**EXERCISE DIRECTIONS**:
Print the data exactly as written, but leave out each picture.

[Scraped caption text data]
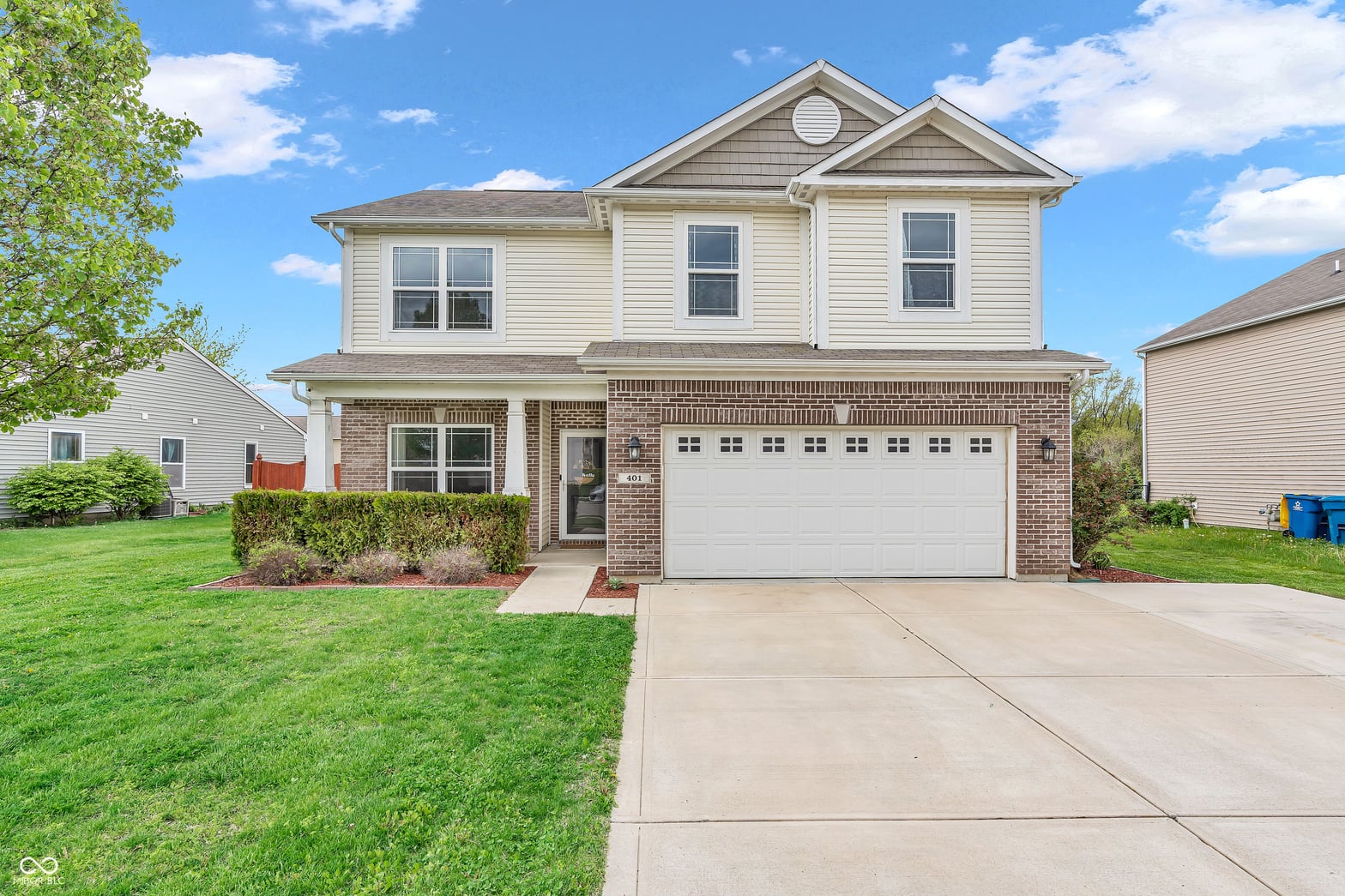 Front exterior at 401 Shadetree Lane, Sheridan, IN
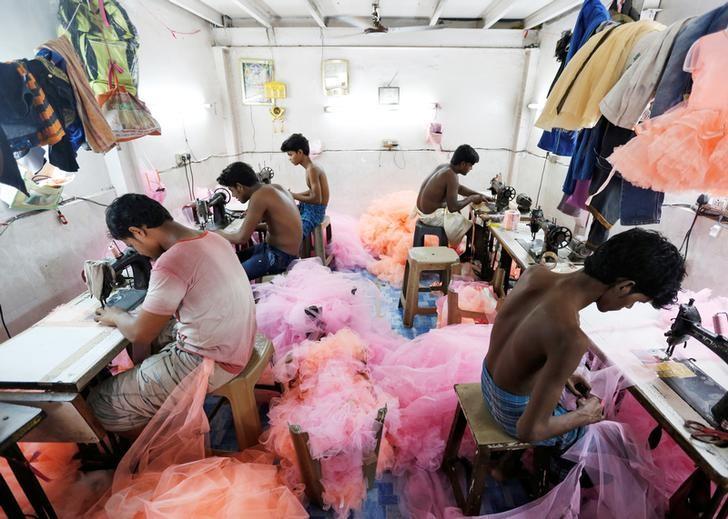 Employees work inside a garment factory in Mumbai, India, June 1, 2016. Credit: Reuters/Danish Siddiqui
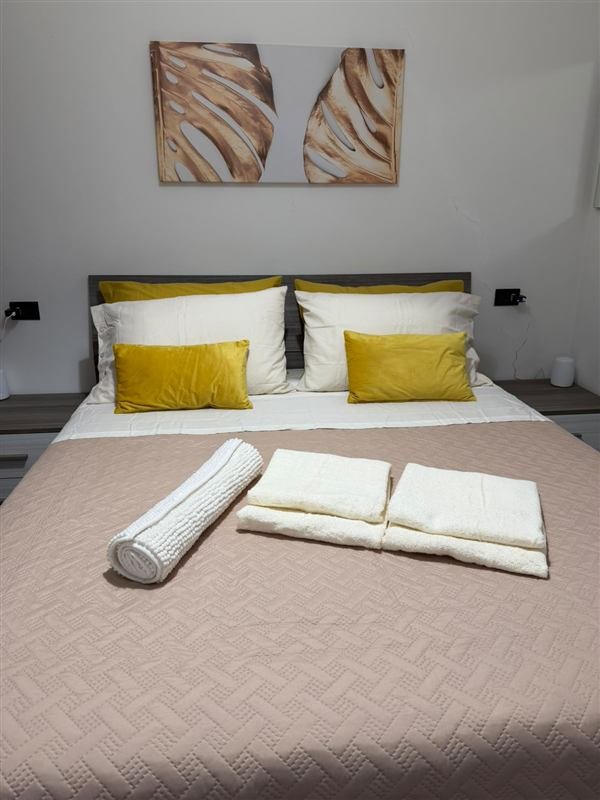 Letto con lenzuola e asciugamani puliti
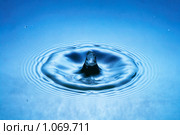 Падение капли воды. Стоковое фото, фотограф Константин Тавров / Фотобанк Лори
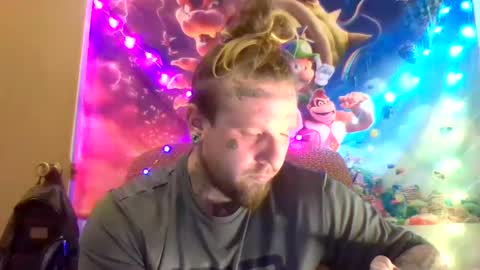 Snapshot of smokebluntafterblunt chatting on 02-25-25, 12:14 smoke online show from 02-25-25, 12:14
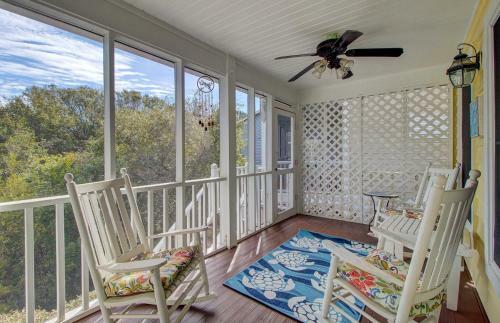 54 Pelican Bay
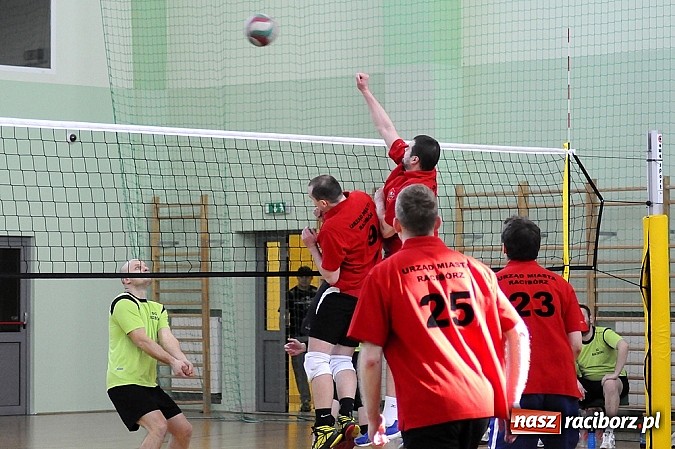 Zdjęcie w galerii na portalu naszraciborz.pl: Zakłady pracy walczą o puchar prezydenta wiadomości z regionu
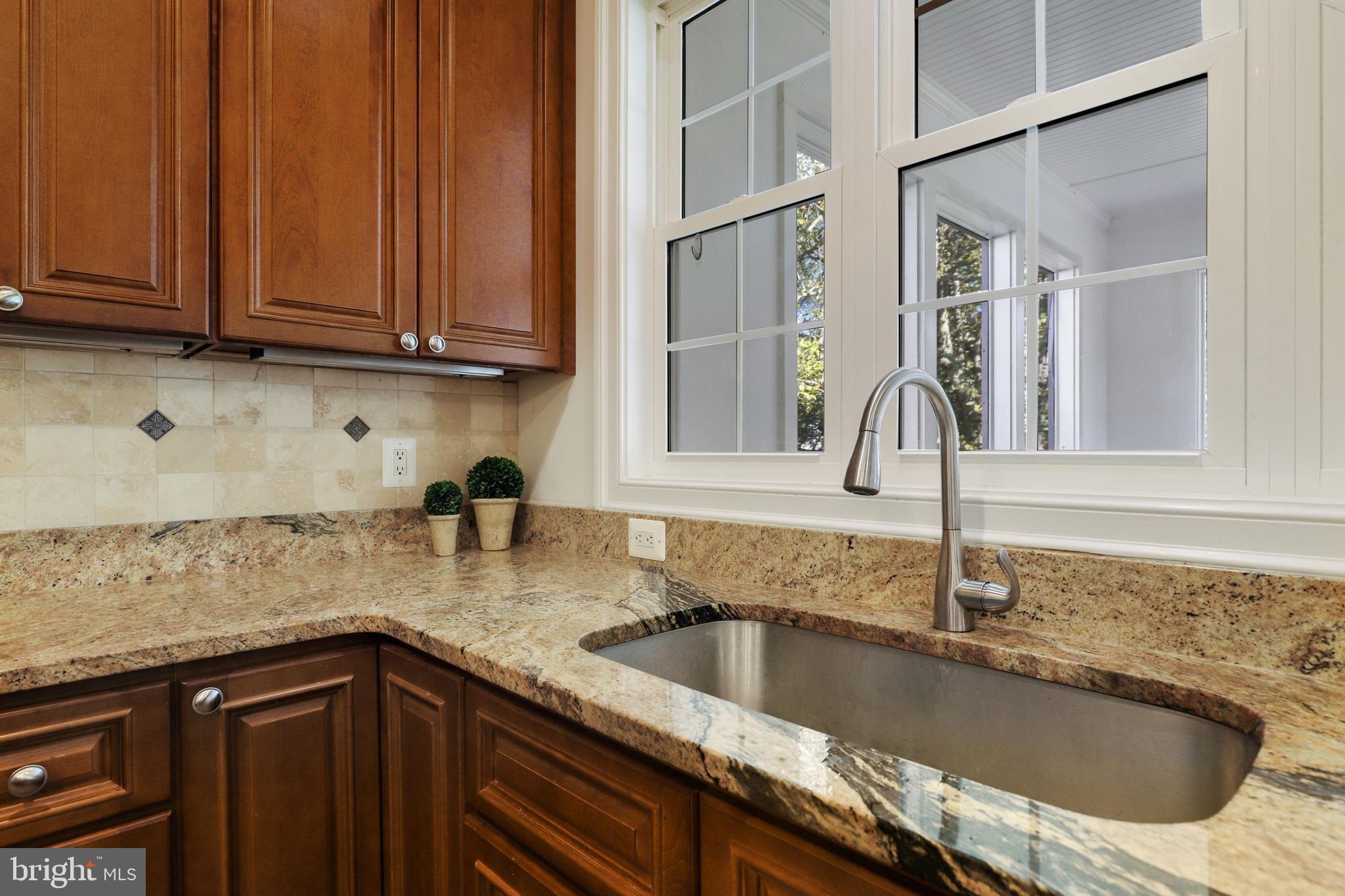 2907 Meadow View Road Falls Church, VA 22042 - Photo 13 of 50 Gallery Image 13
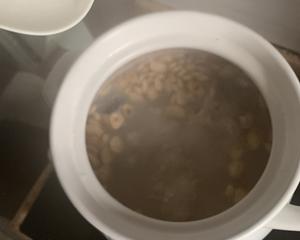 花生扁豆眉豆鱼骨汤的做法 步骤3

**SOLUTION**:
 Front exterior at 401 Shadetree Lane, Sheridan, IN
 Employees work inside a garment factory in Mumbai, India, June 1, 2016. Credit: Reuters/Danish Siddiqui
 Letto con lenzuola e asciugamani puliti
 Падение капли воды. Стоковое фото, фотограф Константин Тавров / Фотобанк Лори
 Snapshot of smokebluntafterblunt chatting on 02-25-25, 12:14 smoke online show from 02-25-25, 12:14
 54 Pelican Bay
 Zdjęcie w galerii na portalu naszraciborz.pl: Zakłady pracy walczą o puchar prezydenta wiadomości z regionu
 2907 Meadow View Road Falls Church, VA 22042 - Photo 13 of 50 Gallery Image 13
 花生扁豆眉豆鱼骨汤的做法 步骤3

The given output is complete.